● **WHAT YOU NEED TO DO**:
Tell me, please, how many lines in the records below include the word "Bathroom". Give no more than the number.
___ EXERCISE MATERIALS ___
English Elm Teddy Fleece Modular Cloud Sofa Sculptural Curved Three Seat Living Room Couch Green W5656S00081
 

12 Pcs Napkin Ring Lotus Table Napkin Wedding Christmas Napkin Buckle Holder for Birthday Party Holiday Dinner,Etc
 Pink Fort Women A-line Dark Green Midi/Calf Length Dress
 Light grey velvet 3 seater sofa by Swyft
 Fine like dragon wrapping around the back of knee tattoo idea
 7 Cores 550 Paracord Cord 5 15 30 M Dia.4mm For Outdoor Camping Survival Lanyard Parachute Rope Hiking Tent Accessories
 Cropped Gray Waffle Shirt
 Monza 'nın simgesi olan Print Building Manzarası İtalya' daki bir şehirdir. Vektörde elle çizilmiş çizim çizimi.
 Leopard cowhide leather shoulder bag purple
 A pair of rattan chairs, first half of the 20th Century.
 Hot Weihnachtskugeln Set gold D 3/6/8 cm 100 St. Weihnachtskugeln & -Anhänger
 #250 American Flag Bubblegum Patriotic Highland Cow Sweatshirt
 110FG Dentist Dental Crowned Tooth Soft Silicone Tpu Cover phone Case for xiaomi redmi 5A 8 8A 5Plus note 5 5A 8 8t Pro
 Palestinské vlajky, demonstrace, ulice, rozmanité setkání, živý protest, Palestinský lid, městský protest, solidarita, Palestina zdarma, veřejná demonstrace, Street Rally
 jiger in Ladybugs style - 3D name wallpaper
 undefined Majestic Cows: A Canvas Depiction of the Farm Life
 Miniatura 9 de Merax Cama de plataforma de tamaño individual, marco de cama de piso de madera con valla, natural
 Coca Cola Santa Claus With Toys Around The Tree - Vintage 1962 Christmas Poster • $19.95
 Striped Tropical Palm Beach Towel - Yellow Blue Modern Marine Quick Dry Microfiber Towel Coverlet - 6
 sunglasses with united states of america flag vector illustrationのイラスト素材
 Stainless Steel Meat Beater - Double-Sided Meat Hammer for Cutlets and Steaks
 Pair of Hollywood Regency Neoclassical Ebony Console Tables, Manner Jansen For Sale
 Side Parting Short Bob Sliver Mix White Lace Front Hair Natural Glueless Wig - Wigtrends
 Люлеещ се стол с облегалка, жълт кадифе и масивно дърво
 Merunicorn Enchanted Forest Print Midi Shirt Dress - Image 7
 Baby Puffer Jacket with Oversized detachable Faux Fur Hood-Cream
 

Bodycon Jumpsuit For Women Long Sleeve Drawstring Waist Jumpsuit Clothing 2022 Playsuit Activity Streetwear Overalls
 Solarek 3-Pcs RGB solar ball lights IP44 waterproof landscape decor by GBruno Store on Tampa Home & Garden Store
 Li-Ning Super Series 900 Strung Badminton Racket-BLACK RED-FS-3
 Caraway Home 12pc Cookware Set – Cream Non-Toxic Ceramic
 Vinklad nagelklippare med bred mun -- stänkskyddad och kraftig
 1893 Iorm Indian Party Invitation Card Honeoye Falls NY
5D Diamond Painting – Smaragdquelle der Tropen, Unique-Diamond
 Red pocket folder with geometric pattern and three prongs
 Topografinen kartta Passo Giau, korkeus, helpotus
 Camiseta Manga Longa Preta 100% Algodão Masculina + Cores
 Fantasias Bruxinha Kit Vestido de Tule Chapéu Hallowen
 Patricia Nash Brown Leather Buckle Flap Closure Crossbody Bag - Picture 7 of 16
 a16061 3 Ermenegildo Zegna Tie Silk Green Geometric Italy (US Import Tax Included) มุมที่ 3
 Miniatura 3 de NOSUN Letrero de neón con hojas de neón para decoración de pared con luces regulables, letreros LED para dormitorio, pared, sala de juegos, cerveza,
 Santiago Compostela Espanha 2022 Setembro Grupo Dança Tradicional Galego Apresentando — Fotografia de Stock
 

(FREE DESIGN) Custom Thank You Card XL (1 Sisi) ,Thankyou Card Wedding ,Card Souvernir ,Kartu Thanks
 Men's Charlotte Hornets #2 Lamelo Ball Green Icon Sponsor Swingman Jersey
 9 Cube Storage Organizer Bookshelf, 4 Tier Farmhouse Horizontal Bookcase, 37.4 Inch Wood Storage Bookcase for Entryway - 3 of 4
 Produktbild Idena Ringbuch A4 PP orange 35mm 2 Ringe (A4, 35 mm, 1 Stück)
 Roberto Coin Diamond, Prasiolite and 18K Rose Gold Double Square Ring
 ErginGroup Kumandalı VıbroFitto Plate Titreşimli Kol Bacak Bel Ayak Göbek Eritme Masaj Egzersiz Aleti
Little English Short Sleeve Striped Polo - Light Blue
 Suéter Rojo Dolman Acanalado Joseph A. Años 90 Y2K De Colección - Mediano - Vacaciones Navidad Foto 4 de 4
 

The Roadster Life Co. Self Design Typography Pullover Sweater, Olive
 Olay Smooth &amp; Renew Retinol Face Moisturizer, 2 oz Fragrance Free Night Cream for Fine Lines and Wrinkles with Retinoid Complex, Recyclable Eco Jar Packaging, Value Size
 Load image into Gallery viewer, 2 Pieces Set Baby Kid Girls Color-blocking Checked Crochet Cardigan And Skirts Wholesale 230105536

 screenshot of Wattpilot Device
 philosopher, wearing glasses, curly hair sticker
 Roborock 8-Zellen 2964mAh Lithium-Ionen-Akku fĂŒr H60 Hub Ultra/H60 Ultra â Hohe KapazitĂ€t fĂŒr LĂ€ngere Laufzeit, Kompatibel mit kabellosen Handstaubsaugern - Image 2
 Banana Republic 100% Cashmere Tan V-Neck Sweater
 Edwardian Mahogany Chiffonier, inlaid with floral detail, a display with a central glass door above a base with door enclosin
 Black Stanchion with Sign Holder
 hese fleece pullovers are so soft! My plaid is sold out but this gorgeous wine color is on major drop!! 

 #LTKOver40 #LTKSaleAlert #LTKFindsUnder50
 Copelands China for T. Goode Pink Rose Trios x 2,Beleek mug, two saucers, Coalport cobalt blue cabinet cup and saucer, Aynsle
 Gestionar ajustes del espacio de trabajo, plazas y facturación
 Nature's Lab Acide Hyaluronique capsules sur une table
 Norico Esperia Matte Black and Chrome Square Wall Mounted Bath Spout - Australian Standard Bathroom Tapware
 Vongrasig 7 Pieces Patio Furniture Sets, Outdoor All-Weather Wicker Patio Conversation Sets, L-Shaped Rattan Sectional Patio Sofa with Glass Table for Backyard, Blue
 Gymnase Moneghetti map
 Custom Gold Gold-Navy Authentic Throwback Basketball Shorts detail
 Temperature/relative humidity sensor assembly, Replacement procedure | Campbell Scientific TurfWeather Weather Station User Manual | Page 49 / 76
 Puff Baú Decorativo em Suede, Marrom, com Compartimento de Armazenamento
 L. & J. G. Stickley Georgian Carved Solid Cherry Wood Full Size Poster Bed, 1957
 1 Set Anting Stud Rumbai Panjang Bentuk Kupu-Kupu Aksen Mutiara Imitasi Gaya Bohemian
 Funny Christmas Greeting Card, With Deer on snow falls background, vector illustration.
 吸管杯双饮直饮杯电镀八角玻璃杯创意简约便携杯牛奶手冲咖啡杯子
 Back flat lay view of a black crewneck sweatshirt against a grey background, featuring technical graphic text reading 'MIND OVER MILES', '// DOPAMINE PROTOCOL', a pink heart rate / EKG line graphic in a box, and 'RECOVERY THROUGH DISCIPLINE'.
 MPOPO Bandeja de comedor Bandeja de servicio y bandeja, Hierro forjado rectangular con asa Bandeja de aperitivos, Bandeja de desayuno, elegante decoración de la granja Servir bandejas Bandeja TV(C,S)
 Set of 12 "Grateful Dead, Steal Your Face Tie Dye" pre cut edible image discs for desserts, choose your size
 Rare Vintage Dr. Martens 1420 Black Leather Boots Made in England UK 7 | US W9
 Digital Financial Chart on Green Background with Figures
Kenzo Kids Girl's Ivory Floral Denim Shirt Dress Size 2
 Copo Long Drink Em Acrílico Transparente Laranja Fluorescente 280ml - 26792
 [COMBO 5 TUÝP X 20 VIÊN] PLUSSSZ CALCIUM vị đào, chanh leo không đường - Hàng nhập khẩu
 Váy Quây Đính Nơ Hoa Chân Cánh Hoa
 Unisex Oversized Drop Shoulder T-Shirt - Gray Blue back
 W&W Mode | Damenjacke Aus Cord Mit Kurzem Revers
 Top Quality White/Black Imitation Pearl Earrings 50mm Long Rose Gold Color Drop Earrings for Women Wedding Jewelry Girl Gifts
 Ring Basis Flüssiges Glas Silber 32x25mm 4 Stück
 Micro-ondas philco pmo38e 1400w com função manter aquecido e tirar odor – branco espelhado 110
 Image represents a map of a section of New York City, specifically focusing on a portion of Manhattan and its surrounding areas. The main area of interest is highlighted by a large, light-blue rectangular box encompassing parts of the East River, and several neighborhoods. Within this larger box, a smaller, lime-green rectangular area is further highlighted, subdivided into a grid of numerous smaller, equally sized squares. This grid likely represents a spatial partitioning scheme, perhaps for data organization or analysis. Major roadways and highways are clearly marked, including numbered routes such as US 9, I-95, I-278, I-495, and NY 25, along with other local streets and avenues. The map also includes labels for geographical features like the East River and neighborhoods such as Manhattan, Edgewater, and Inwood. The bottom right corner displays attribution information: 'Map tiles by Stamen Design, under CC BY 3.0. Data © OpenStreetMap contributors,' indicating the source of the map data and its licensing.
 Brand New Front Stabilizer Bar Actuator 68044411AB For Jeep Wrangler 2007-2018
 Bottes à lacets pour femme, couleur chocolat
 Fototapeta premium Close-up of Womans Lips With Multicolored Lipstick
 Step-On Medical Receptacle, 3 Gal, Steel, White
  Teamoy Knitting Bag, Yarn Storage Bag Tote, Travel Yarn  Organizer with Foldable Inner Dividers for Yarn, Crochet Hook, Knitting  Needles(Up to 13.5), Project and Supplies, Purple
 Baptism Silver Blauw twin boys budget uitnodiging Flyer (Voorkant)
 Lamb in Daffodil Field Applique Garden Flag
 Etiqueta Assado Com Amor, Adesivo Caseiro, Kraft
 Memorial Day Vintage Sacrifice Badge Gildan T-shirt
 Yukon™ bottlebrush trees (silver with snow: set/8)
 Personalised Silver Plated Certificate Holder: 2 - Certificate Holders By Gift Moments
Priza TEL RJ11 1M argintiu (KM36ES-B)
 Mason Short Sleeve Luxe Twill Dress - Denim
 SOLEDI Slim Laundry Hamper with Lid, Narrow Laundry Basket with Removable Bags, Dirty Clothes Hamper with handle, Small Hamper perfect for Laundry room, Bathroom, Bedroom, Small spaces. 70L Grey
___
● **RESULT BELOW**:
2